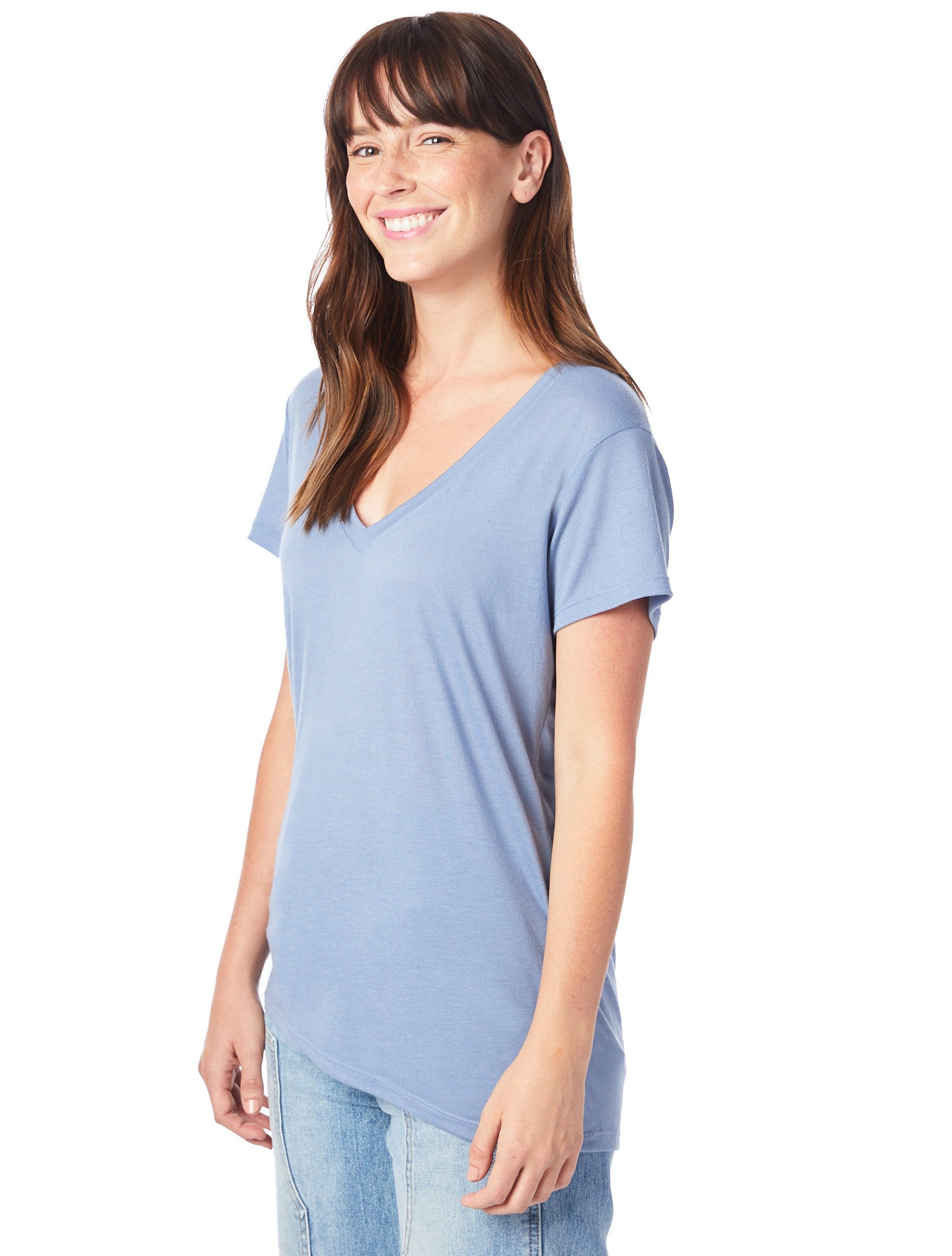 Women's Slinky-Jersey V-Neck T-Shirt - Stonewash Blue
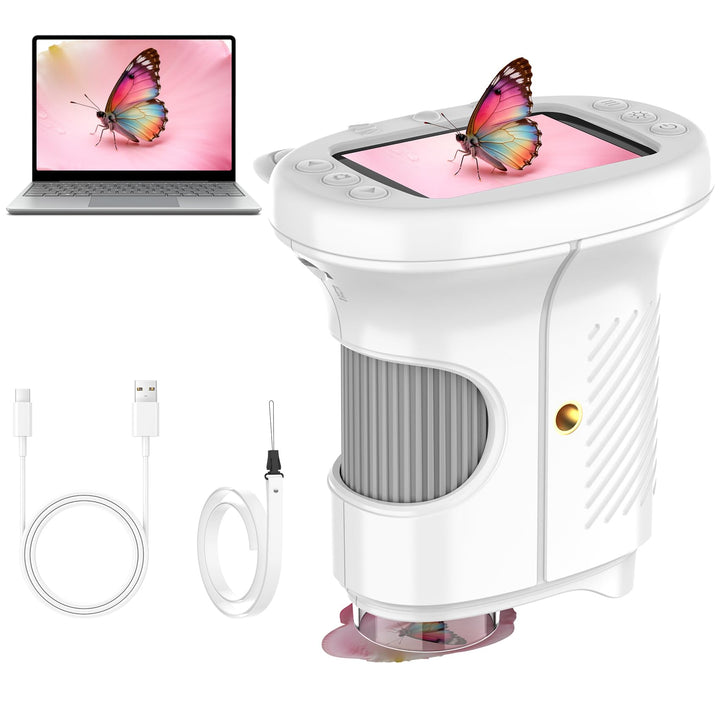 Handmikroskop für Kinder, 1000X Zoom Digitales USB-Mikroskope mit 2,4-Zoll-IPS-Bildschirm, Tragbare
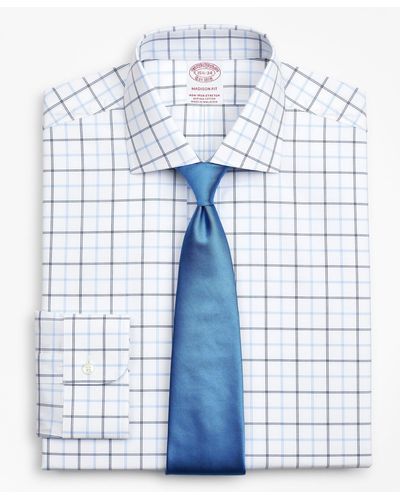 Brooks Brothers Stretch Milano Slim-fit Dress Shirt, Non-iron Poplin English Collar Double-grid Check - Blue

- _Exercise goal_: Write the material above out again exactly as it reads, but don't carry over the pictures.

- _Task response_:
 Women's Slinky-Jersey V-Neck T-Shirt - Stonewash Blue
 Handmikroskop für Kinder, 1000X Zoom Digitales USB-Mikroskope mit 2,4-Zoll-IPS-Bildschirm, Tragbare
 Brooks Brothers Stretch Milano Slim-fit Dress Shirt, Non-iron Poplin English Collar Double-grid Check - Blue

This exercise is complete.